New York City’s public school system is serious about equity. So serious that they are removing good educators for refusing to make the new symbol of racial equity: the Wakanda salute from the ‘Black Panther’ movie.

This is the latest example of woke virtue-signaling gone wrong and a sinister outcome of the push for equity over equality.

The New York Post has reported two separate accounts of women who were let go from their teaching jobs in the New York City public school system for—what they believe was—their unwillingness to participate in woke virtue signaling.

Both veteran educators were asked to cross their arms in front of them mimicking a greeting or salute popularized by the blockbuster Marvel comic-book movie, ‘Black Panther.’ Apparently, the Wakanda salute now represents racial equity for New York City educators. 

One district head, who happens to be a black and Latina woman, refused to do so during high-level meetings with other superintendents:

When Rafaela Espinal — a Dominican-American who describes herself as Afro-Latina — declined to join in, she “was admonished and told that it was inappropriate for her not to participate,”…

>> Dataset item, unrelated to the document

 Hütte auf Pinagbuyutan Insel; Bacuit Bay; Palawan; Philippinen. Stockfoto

But when repeatedly asked to salute “Wakanda” at other professional meetings, Espinal felt the gesture “introduced a racial divide where there should be none,” said her lawyers, Israel Goldberg, Helen Setton and Domenic Recchia.

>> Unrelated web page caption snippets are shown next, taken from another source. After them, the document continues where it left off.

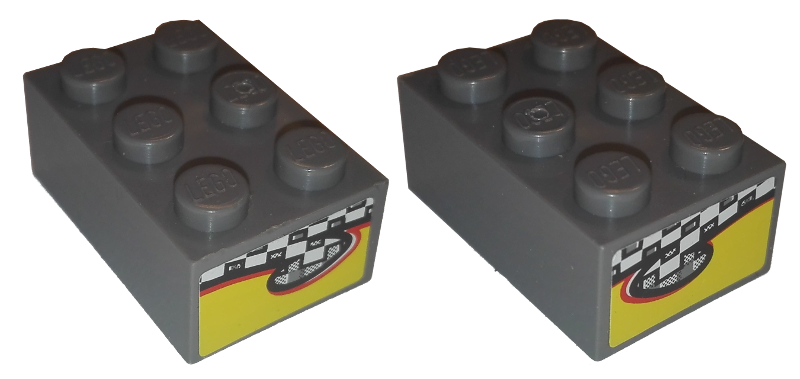 Lego Brick 2 x 3 with Yellow Flame on Checkered Background Pattern on Both Ends (Stickers) - Set 8134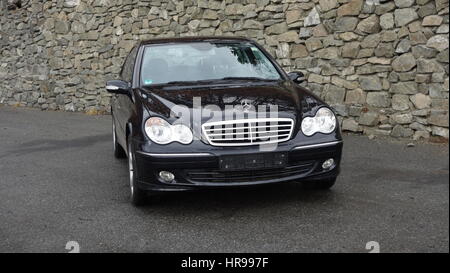 Cluj Napoca/Romania - February r03, 2017: Mercedes Benz C Class, model W203 - year 2004, Avantgarde equipment, AMG Alloy wheels, Leather interior Stock Photo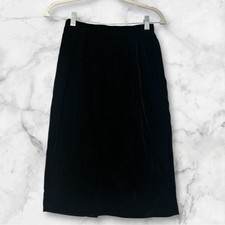 Women Black Knee Length Skirt High Waisted Size 4 Back Slit 549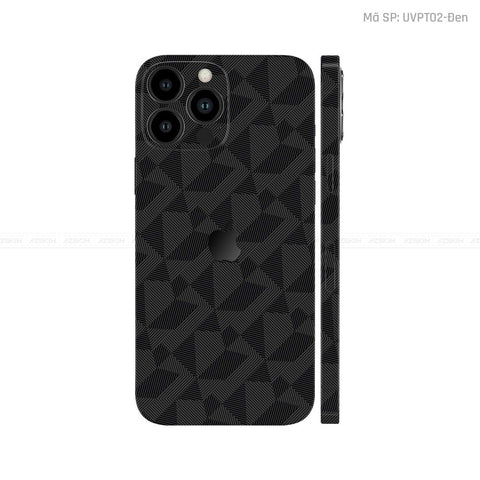 Dán Skin IPhone 12 Series Vân Nổi Nordic Đen | UVPT02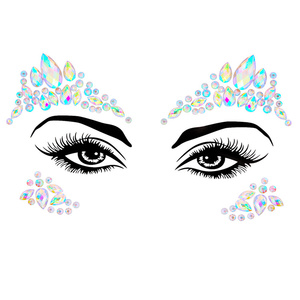 Festival fête visage bijou <span class=keywords><strong>tatouage</strong></span> larmes Strass arc-en-ciel strass corps temporaire cristal breloques pierres pour femme décoration - Product Image 5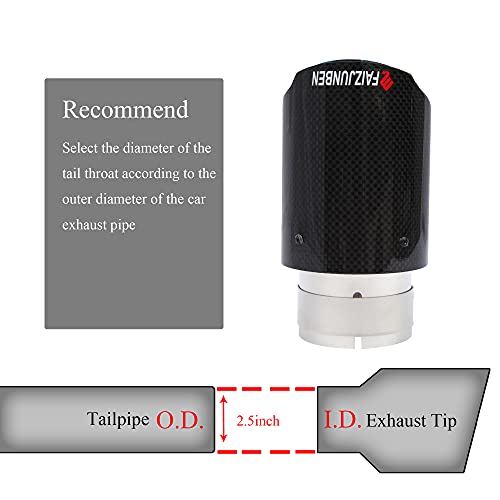 FAIZJUNBEN carbon fiber exhaust tip, carbon fiber tail pipe, inlet size 63mm/2.5", outlet size 89mm/3.5" carbon fiber muffler, suitable for automotive exhaust pipes with a diameter of 61-63mm - Image 4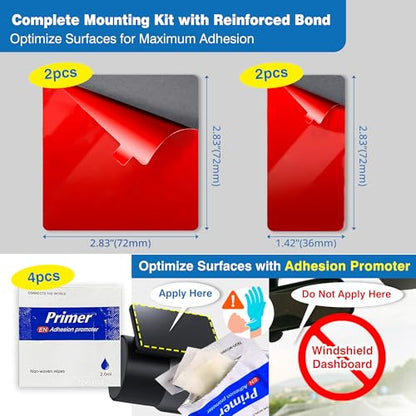 4-Pack Double-Sided Adhesive Pads for Dash Cam Mount – Heat-Resistant High-Bond Replacement Tape – 2 Square & 2 Rectangular Pads for Windshield and Dashboard – Includes Adhesion Promoter
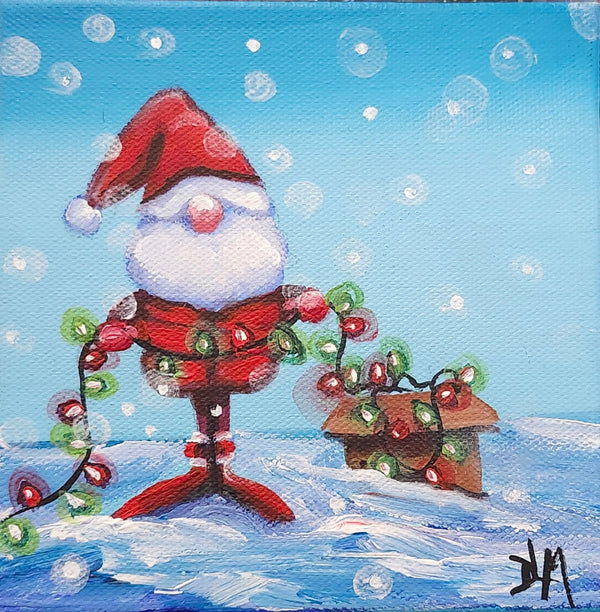 Illustration of a gnome with a red hat and scarf, surrounded by Christmas lights on a snowy background.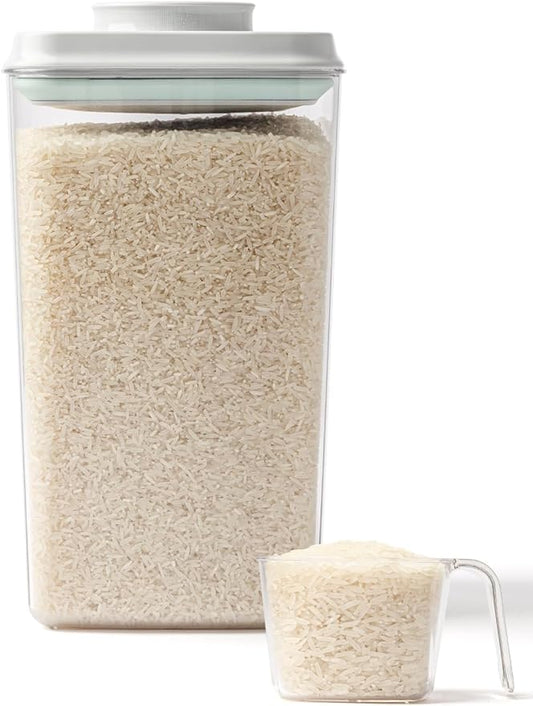 Large Airtight Food Storage Containers with Measuring Cup, 4L Airtight Pop Top Rice Storage Container 6.06 lbs(2.75kg), BPA-Free Plastic Cereal & Grain Canister Flour Dispenser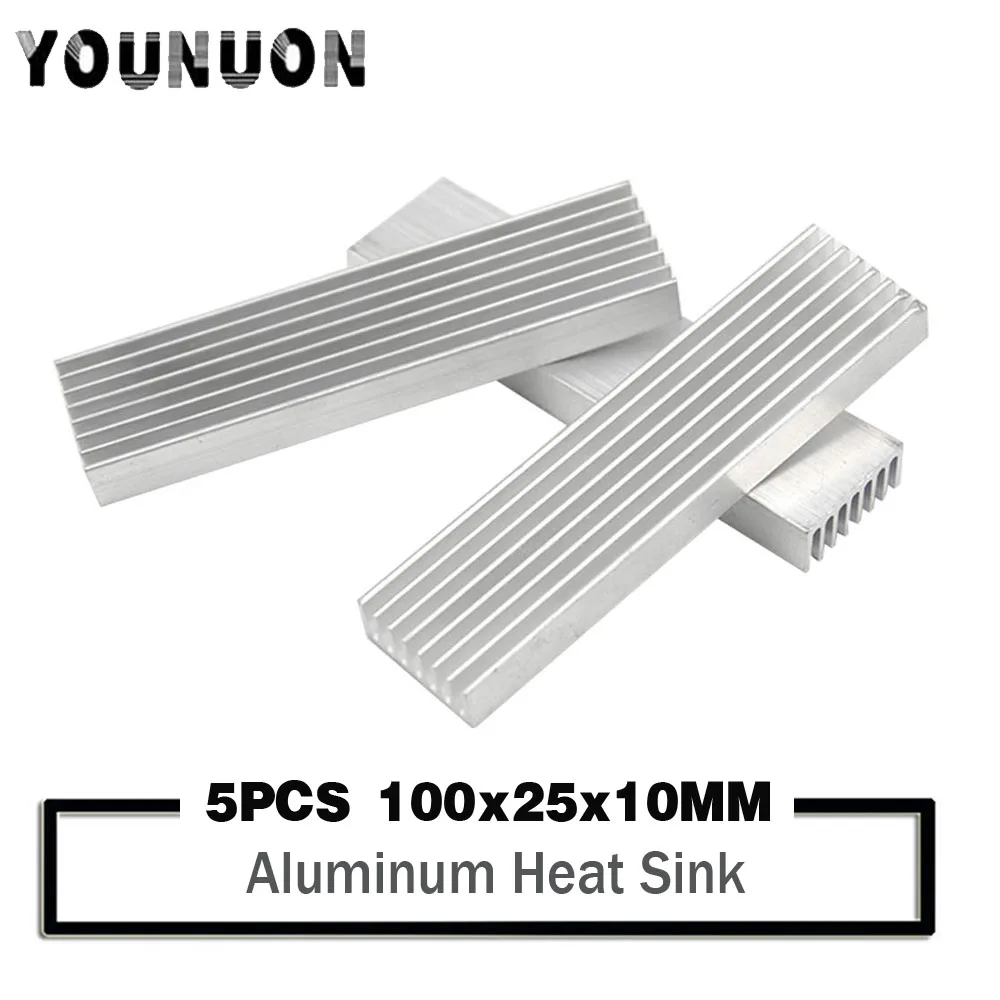 5PCS 100x25x10mm Aluminum Heat Sink Cooling LED Power IC Transistor For Computer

Espinal, who has filed a lawsuit, also claims she was targeted for not being black enough and following the diversity agenda.

Karen Ames, a Jewish 30-year veteran educator, says she was fired when she refused to make the Wakanda salute and for sharing her family’s Holocaust story:

Ames was grilled about her “ethnic background,” chastised by a colleague at a training session when she shared her grandparents’ experience during the Holocaust in Poland, and “admonished” when she declined requests at superintendents meetings to take part in the comic book movie-inspired “Wakanda Forever” salute to “black power,” she charges in the legal filing.

At an implicit-bias workshop where superintendents were asked to tell their personal stories, Ames talked about her grandparents’ loss of two children during the Holocaust — only to have colleague Rasheda Amon tell her, “you better check yourself,” the lawsuit alleges.

“That is not about being Jewish! It’s about black and brown boys of color only,” court papers quote Amon as scolding.

Ames was effective at her job. She had reportedly been celebrated for her success in raising math scores at struggling schools.

We don’t know all of the details behind their removals, but that’s not the issue.

Playing out here is the real harm of the equity agenda that seeks to elevate one group of people above others for special treatment based on skin color. It also highlights that those who deviate from the equity orthodoxy, regardless of their color, may be targeted for reprisal.

Equity and equality are not the same thing. Over our nation’s history we have strived for equal treatment under the law and equal opportunity for all.

In a terrific Wall Street Journal op-ed today, Charles Lipson, professor emeritus at the University of Chicago, explains the difference between the ideas and why equity is antithetical to free enterprise and our fundamental principles:

There is a big difference. It’s the difference between equal treatment and equal outcomes. Equality means equal treatment, unbiased competition and impartially judged outcomes. Equity means equal outcomes, achieved if necessary by unequal treatment, biased competition and preferential judging.

Those who push for equity have hidden these crucial differences for a reason. They aren’t merely unpopular; they challenge America’s bedrock principle that people should be treated equally and judged as individuals, not as members of groups.

Instead of making their case openly and honestly, advocates of equity twist and turn to avoid revealing their radical goal of re-engineering society through coercion. If the results fall short, as they inevitably would, the remedy is obvious: more money, more rules and more indoctrination.

The Wakanda symbol will not erase the educational gaps for students, but effective educators will.

Sadly, the school system is signaling where their priorities are and it doesn’t appear to be on the kids.